Destination Type and Destination	The type of the traffic destination and the destination addresses. If you set Direction to Outbound, you must configure these parameters. Valid destination types: CIDR Block If you select this type, you must enter a destination CIDR block. You can enter only one CIDR block. Policy Group If you select this type, you must select a policy group. Traffic destined for all ECS instances in the policy group is managed. Note Enterprise policy groups do not support the Policy Group type. Prefix List If you select this type, you must select a prefix list from the Source drop-down list. Traffic of all ECS instances in the security groups with which the prefix list is associated is managed. For more information about prefix lists, see Use prefix lists to simplify management of security group rules.
Description	The description of the policy.

Click Submit.
Wait until the policy is created. Then, you can view the policy in the policy list of the internal firewall.

Publish the policy.
1. On the Internal Border page, find the control group of the policy that you want to publish. In the Actions column, click Publish.
2. In the Publish Policy dialog box, configure Remarks, confirm policy changes, and then click OK.
  The policies are synchronized to ECS security groups and take effect only after you publish the policies.

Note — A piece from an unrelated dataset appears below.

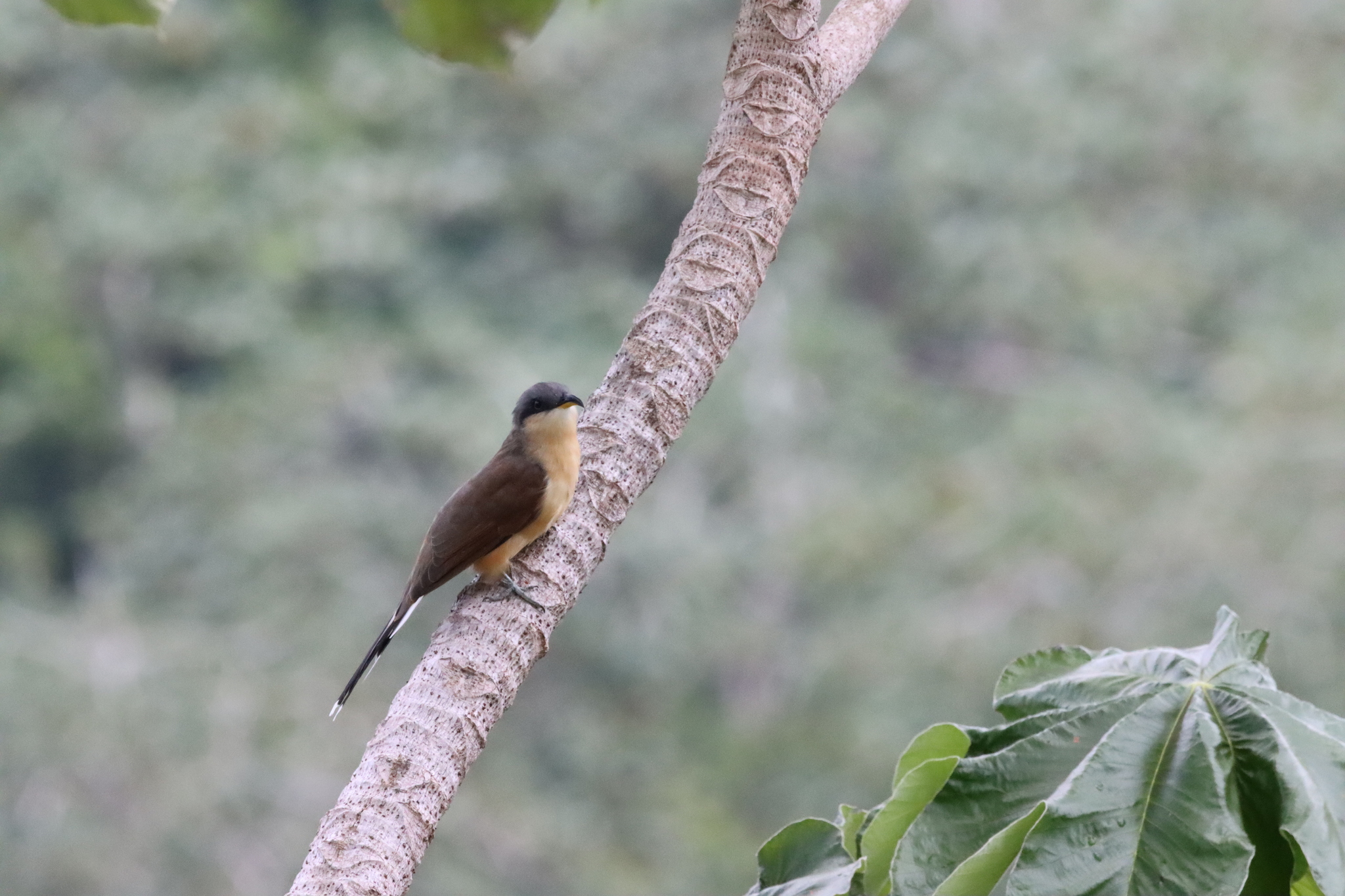 Cocos Cuckoo (Coccyzus ferrugineus), photo 2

You can log on to the ECS console and choose Network & Security > Security Groups to view the policies that you published in the Cloud Firewall console. The default name of the policy group created by Cloud Firewall in the ECS console is Cloud_Firewall_Security_Group.

After the internal firewall is configured, the firewall controls access between ECS instances. You can also configure application groups in Cloud Firewall to visualize business relationships.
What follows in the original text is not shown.